No ground on the moon would be included, although the bill requires the nomination of Neil Armstrong's first footprints on the moon for a Unesco World Heritage Site, which offers protection to threatened sites.
"In light of other nations and private entities developing the ability to go to the moon, the United States must be proactive in protecting artifacts left by the seven Apollo lunar landings," Johnson, who represents Texas, said in a written statement.
The bill, which was introduced in the House of Representatives on Monday, is sponsored by Johnson, the lead Democrat of the House Committee on Science, Space and Technology, and fellow committee member Congresswoman Donna Edwards.
A spokeswoman for the Democrats on the committee said those who take or damage artefacts on the moon would be subject to punishment under the same laws as those who take or damage property in America's national parks.
Obviously, such a bill would be hard to enforce and even harder to protect.
Johnson admits it sounds far-fetched to have a national historical park on the moon, but believes legal protection for the objects there is important.

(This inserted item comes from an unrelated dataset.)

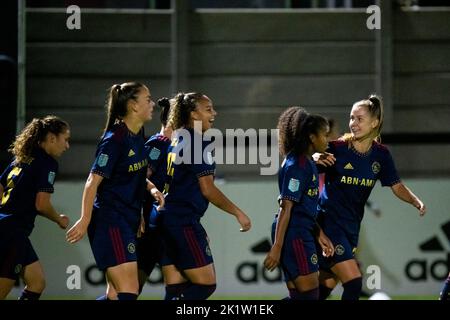 BOREHAMWOOD, ENGLAND - 20. SEPTEMBER: Chasity Grant von Ajax und Victoria Pelova von Ajax feiern ihr erstes Tor, das Romee Leuchter von Ajax beim UEFA Women´s Champions League Second Qualifying Round First Leg Match zwischen Arsenal und Ajax am 20. September 2022 im Meadow Park in Borehamwood erzielte, England (Foto von Rene Nijhuis/Orange Picturs) Stockfoto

"I don't think that there is anything far-fetched about protecting and preserving such irreplaceable items and such a hallowed place," she said.
The committee spokesman also said the head of the Russian space agency, Vladimir Popovkin, has called for protection of relics from the first manned missions to the moon.
The bill has been referred to both the House Science, Space and Technology Committee and the House Natural Resources Committee.